= William Henry Wilkinson =

Sir William Henry Wilkinson (traditional Chinese: 務謹順, simplified Chinese: 务谨顺; May 10, 1858 – 1930) was a British sinologist who served as Consul-General for the United Kingdom in China and Korea. He was also a playing card collector and card game enthusiast.

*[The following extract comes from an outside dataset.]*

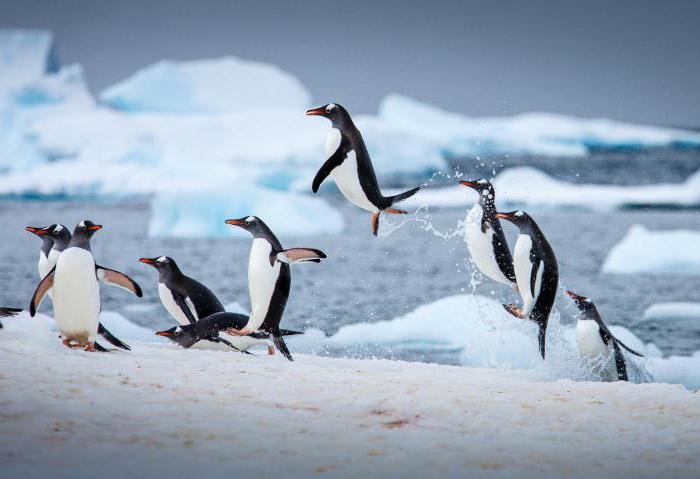 пингвины антарктиды интересные факты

==British Diplomatic Service==

| ?–1893 | Consul at Shantou |
| 1893–94 | Acting Consul-General at Seoul |
| 1894–97 | Acting Vice-Consul at Chemulpo |
| 1900–01 | Consul at Ningbo |
| 1901–02 | Acting Consul at Wenzhou |
| 1902–09 | Consul-General at Kunming and Simao, for Yunnan and Guizhou |
| 1909–11 | Consul-General at Chengdu |
| 1911–12 | Consul-General at Mukden |
| 1912–17 | Consul-General at Hankou |

==Books==
- Where Chineses Drive: English Student-Life at Peking (London, 1885)
- "Those Foreign Devils!": A Celestial on England and Englishmen by Hsiang-fu Yuan (translated by Wilkinson; London and New York, 1891)
- The Game of Khanhoo (London, 1891)
- A Manual of Chinese Chess (Shanghai, 1893)
- Chinese Origin of Playing Cards (1895)
- The Corean government: constitutional changes, July 1894 to October 1895. With an appendix on subsequent enactments to 30th June 1896 (1896)
- Bridge Maxims (1918)
- Mah-Jongg: a memorandum (1925)

==His Collection of Playing Cards==
Cards from Wilkinson's collection are now in the British Museum, and are referred to in Catalogue of the collection of playing cards bequeathed to the Trustees of the British museum by the late Lady Charlotte Schreiber by British Museum] by Freeman M. O'Donoghue (1901), pp. 184–185: "Chinese – Collection of modern packs acquired by the testator from Mr. W.H. Wilkinson of H.M. Consular Service, who has kindly furnished the following information: The packs contained in this collection were procured during the year 1889–90 from Guangzhou, Shantou, and Fuzhou in South China, from Ningbo and Shanghai on the central sea-board, from Beijing in the north, from Jiujiang and Yichang in mid- China, and from Chongqing in the far west...."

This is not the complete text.